I’ve wrestled with whether or not to write this post because it’s a subject that makes people feel uncomfortable and some a little ashamed. I personally don’t think it’s something to be ashamed about but I get that it makes us uncomfortable.

Finances

Can we talk about the uncomfortable subject of personal finance? I’ve wrestled with a decision that has broken my heart recently. Both my husband and I have had to sit down and have a long hard look at our finances to find ways to cut back on our spending. 

We’re not alone!

I did a short poll on Instastories yesterday, asking if any others had also felt that the cost of living had increased exponentially over the past few months and here are the results:

One hundred people participated in the poll. Of the 100, only 2 said they hadn’t felt the pinch of the soaring cost of living, lucky them. Ninety eight of you, like me, are feeling the pinch.

This tells me that the average South African is struggling. And if it’s tough for us, can you imagine what that struggle must be like for the poor?

My little lament over on Instastories yesterday was very #firstworldproblems. Really, I am self aware enough to realize that I have nothing to complain about in the bigger scheme of things. We have food, good food, every day. We have a roof over our heads that we are able to pay for. We have one fully paid off car and another car that we were able to secure finance for. Our children go to private school and we have an incredible full time nanny, who we pay way above minimum wage and who we simply couldn’t manage without.
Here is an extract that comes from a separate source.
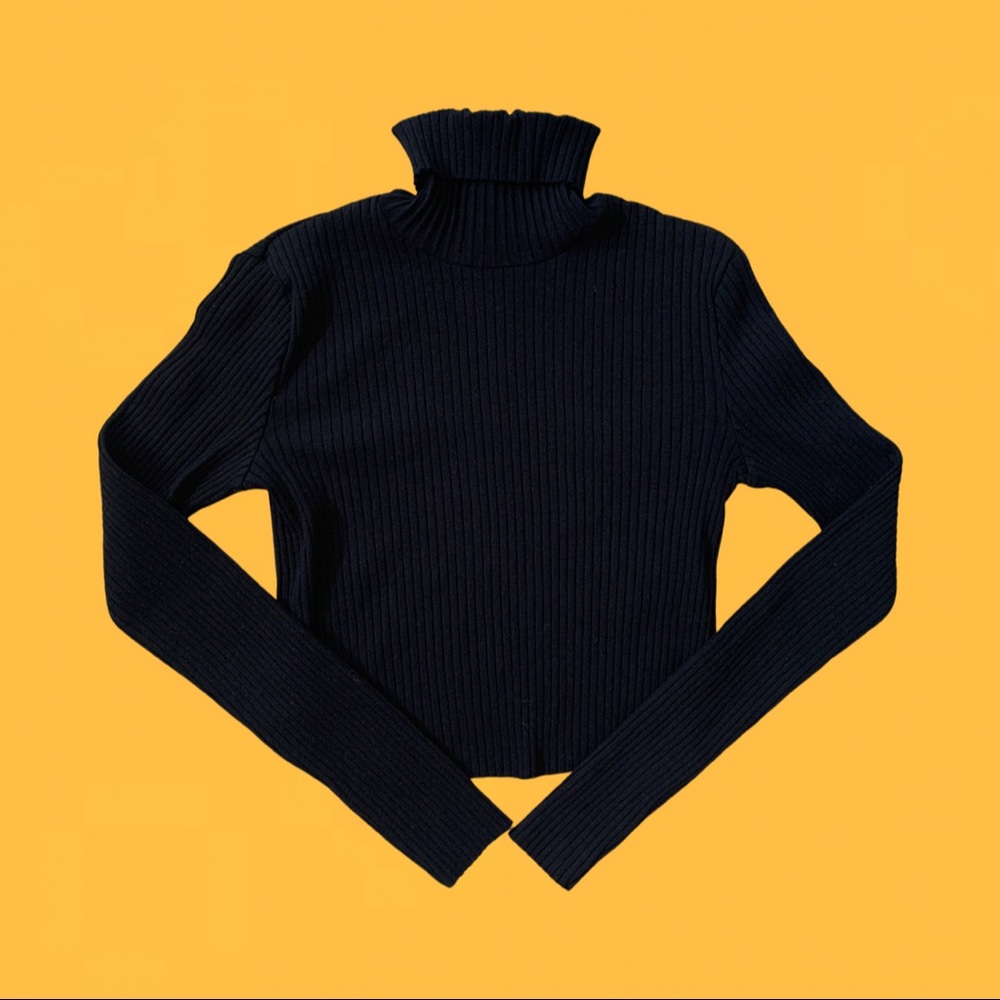 Zara Cropped Black Ribbed Turtleneck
Yes, we’ve had to sacrifice some things. We don’t shop at Woolies (shame) anymore, we disconnected our DSTV a year ago because we couldn’t justify the cost anymore. I hardly ever spend any money on clothes or things for myself and when I do, it’s always bargain hunting. My husband spends nothing on himself except his regular haircut. Yes, I get my hair done but not nearly as regularly as it used to be and I no longer get my face threaded, reverting back to waxing my own eyebrows and lip. I never buy makeup anymore and I’m so very thankful for the goodies that I do receive through my blog, because that is what you see me wearing. 

Recently, the City Of Johannesburg did a reevaluation of our house and our rates are having a massive increase! I checked also on my personal tax and yup, I fall into the tax bracket that is hardest hit by the budget speech from last week. I just don’t know anymore…..
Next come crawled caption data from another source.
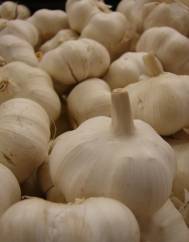 Allium sativum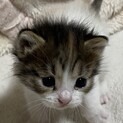 三毛の海ちゃん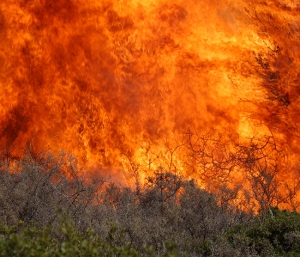 Και δεύτερη πυρκαγιά σήμερα στη Χαλκιδική (2)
I know, I know, all very #firstworldproblems

But I am so thankful to those of you reached out to me. I’d been in tears yesterday morning, realizing that my one great passion, my horse riding, which is expensive in the greater scheme of things, would have to be drastically cut back if I’m to continue keeping my head above water financially. In January, we had to let our gardener go, he’s been with us for 10 years and has young children, it was a crushing decision to make, but when it came to the crunch and looking critically at our expenses and where we could cut back, it was a decision that had to be made. The same with my horse riding, my decision to cut back, affects a business, which employs people and directly or indirectly affects them. And it’s so very very hard. But we have to shrink back into ourselves and see what cost cutting methods we can use to try and keep our heads above water.

Your stories broke my heart too.

Husbands who have been laid off, people having to work reduced hours because of business cost cutting methods. Families with enough financial back up to get them through another couple of months and then they’re financially ruined, but with no light at the end of the tunnel. It made me realize two things:

  1. The decisions I’ve had to make, while tough for me, are a tiny drop in the ocean in comparison to what some people are going through. There’s always someone out there worse off and at least we are still in a position to shave off on our expenses to keep ahead.
  2. Everyone (except for 2 people in the poll) are struggling financially at the moment.

So I guess my message is this….. you’re not alone, we’re all struggling. 

It can be so very exhausting. I am fortunate enough to make a small but inconsistent income from my blog, which sometimes gets us through the last few end of the month salty crack snacks. It also means that I am constantly hustling and it can be hard to bear up under that, it’s tiring as all hell and I work, aside from my day time job, I work a lot.

But what can we do? 

Don’t make comparisons from what you see online, it’s not real life. Don’t be wooed by carefully curated images and by what people let you see, I strongly believe, when you scratch the surface, most people, if not all, are struggling in one way or another.

Chin up, boobs out, raise in your fist in the air and show a finger to the sky, we’ve just got to soldier on!